3 Financial Tips for Surviving Layoffs

The list of tech industry layoffs continues to grow. 

It sucks and it’s scary, but if you’ve prepared correctly, it won’t throw you off course. 

#1 MAKE SURE YOUR EMERGENCY FUND IS INTACT 

It should be a minimum of 6 months of living expenses. The higher up your role, the harder it will be to find the next gig. If that’s you, then consider doing 12 months instead. 

We like an Ally Bank high-yield savings account for this. 

#2 OPEN A HOME EQUITY LINE OF CREDIT (HELOC)

A HELOC is a revolving credit line with your home equity as collateral. A lot of banks don’t charge fees to open one and it can serve as a backstop to your Emergency Fund. 

Our mortgage guy told us that Telco Credit Union and Golden1 both do teleapps (meaning no appraisal) and have generous repayment terms if you have to tap into it. 

#3 START DIVESTING YOUR COMPANY STOCK

Yes, I know your stock is down, but if they’re laying off people, guess what? It probably has further to go.

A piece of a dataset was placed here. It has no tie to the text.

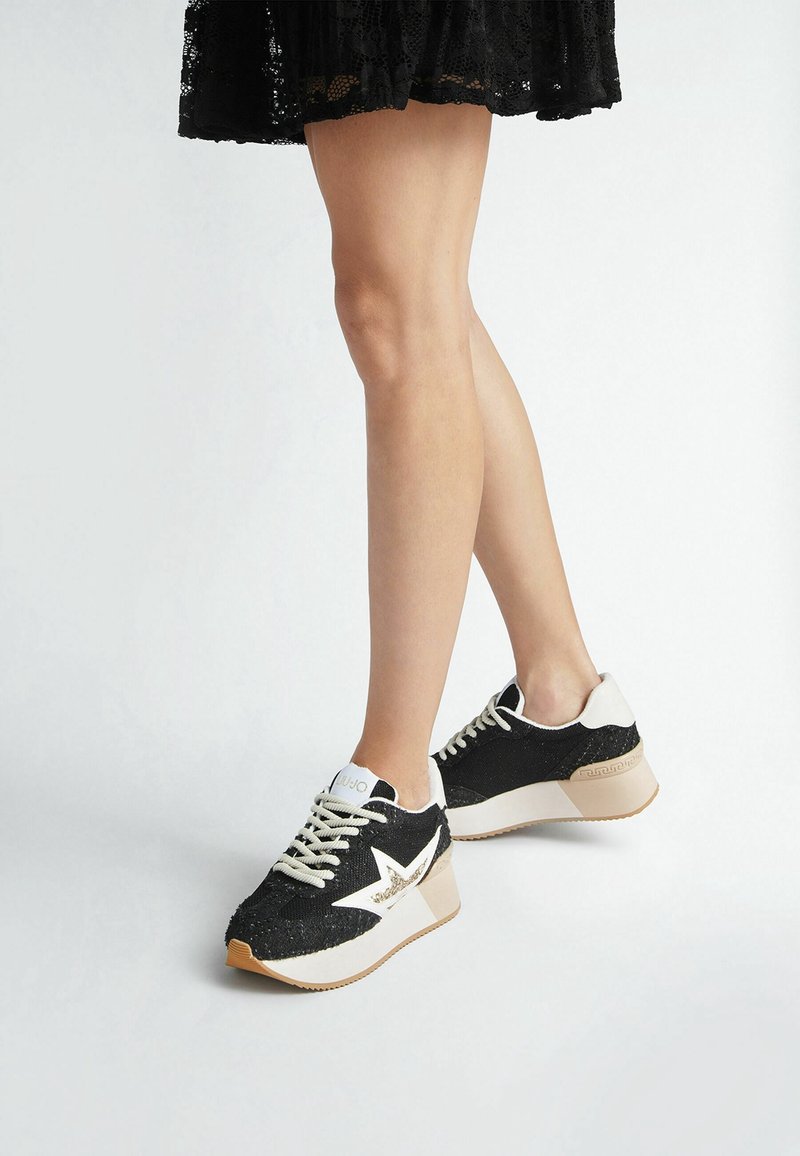 Jambes portant une jupe en dentelle noire et des baskets à plateforme noires avec des détails en forme d'étoile blanche et des semelles beiges sur fond blanc.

And the absolute worst-case scenario is being forced to sell investments while they’re down because you need liquidity.

The danger of getting laid off is 1) not collecting a paycheck, and 2) needing to tap your investment portfolio while it’s down for groceries.

NOW is the time to make sure you have enough liquidity to prevent that from happening.